Scînteia ("The Spark"; a new spelling of the name in Romanian would be Scânteia) was the name of two newspapers edited by Communist groups at different intervals in Romanian history. The title was a borrowing from the Russian Iskra.

[edit] History

The very first paper of that name was edited by Romanian revolutionaries in Bolshevist Russia, appearing throughout 1919 in the city of Odessa.

Scînteia reemerged as the official voice of the Communist Party of Romania on August 15, 1931, being published clandestinely in Bucharest until 1940 (when the hostility between Romania and the Soviet Union grew to a level were a crackdown on communist propaganda became imminent). It had managed to completely discredit itself in the eyes of the public by approving of the menacing Molotov-Ribbentrop Pact.

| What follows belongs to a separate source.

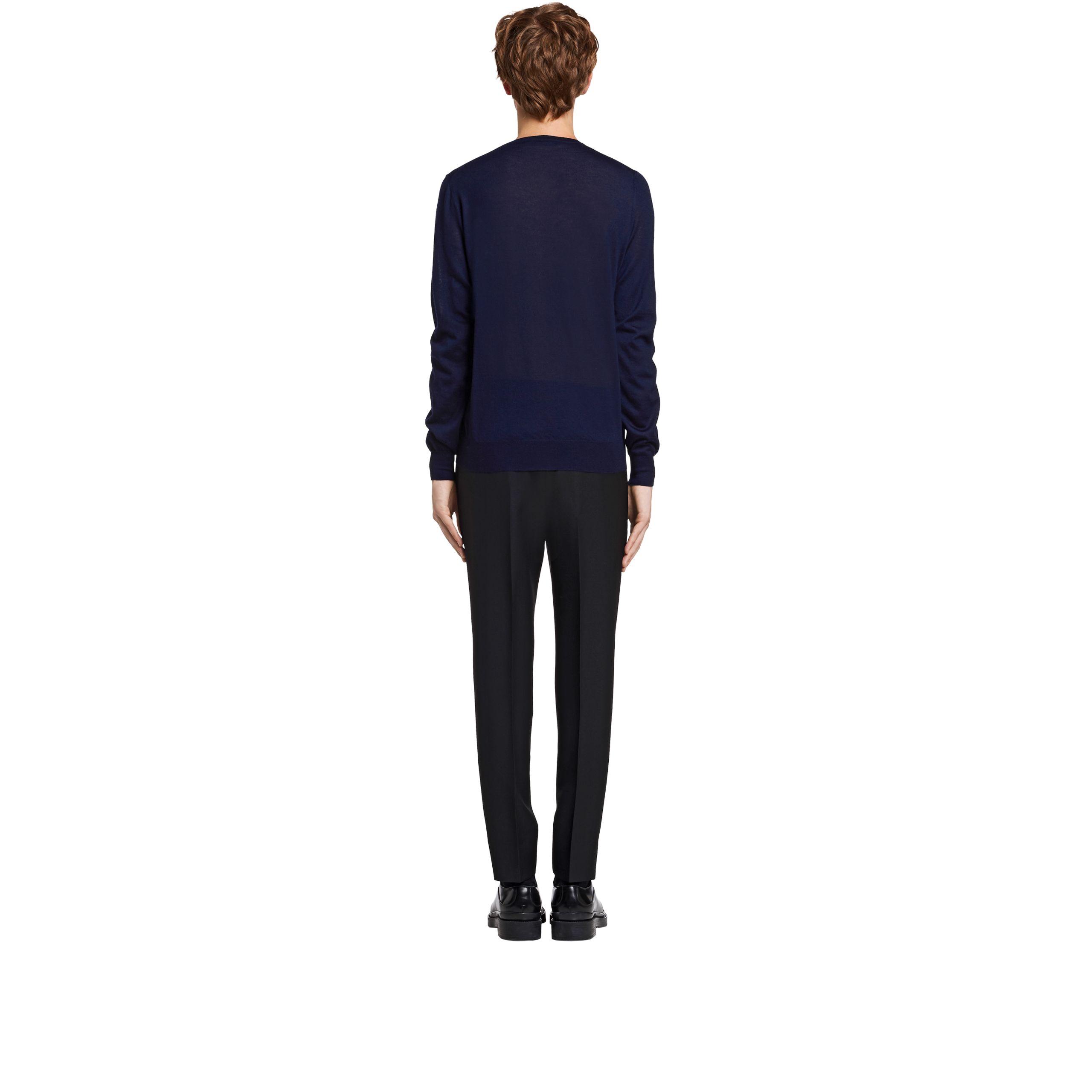 Prada Soft Cashmere Crew-neck Sweater in Blue for Men - Lyst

With Romania withdrawing from the Axis and joining the Allies in August 1944, Scînteia was yet again being published, to remain the approved, sanctioning, body of communist politics. During Communist Romania (since early 1948), it was the barometer of policy changes, and the main medium through which the regime indicated its aims (for example, Scînteia served as the tribune for slander campaigns against intellectuals such as Tudor Arghezi and Pamfil Şeicaru). Moreover (indicative of the relations between the official voice and other media), in 1961, August 15 was declared the Romanian Press Day.

The headquarters of the paper were the main feature of the Socialist Realist Combinatul Poligrafic Casa Scînteii "I.V.Stalin", a name later reduced to Casa Scînteii (after it dropped the reference to Joseph Stalin). Today, the building goes by the name Casa Presei Libere ("The House of the Free Press").

Scînteia was accompanied by a youth version, one edited by the Union of Communist Youth (a branch of the Party that resembled the Soviet Komsomol up to a point). Scînteia tineretului (or Scânteia tineretului; approximately "The Youth Spark") began its edition in November 1944. It was also published under the names of Tinereţea ("The Youth") and Tînărul Muncitor (or Tânărul Muncitor; "The Young Worker").

With the Romanian Revolution of 1989 came the outlawing of all Communist Party institutions, including all its newspapers. Scînteia's assets were mostly taken over by the post-communist Adevărul.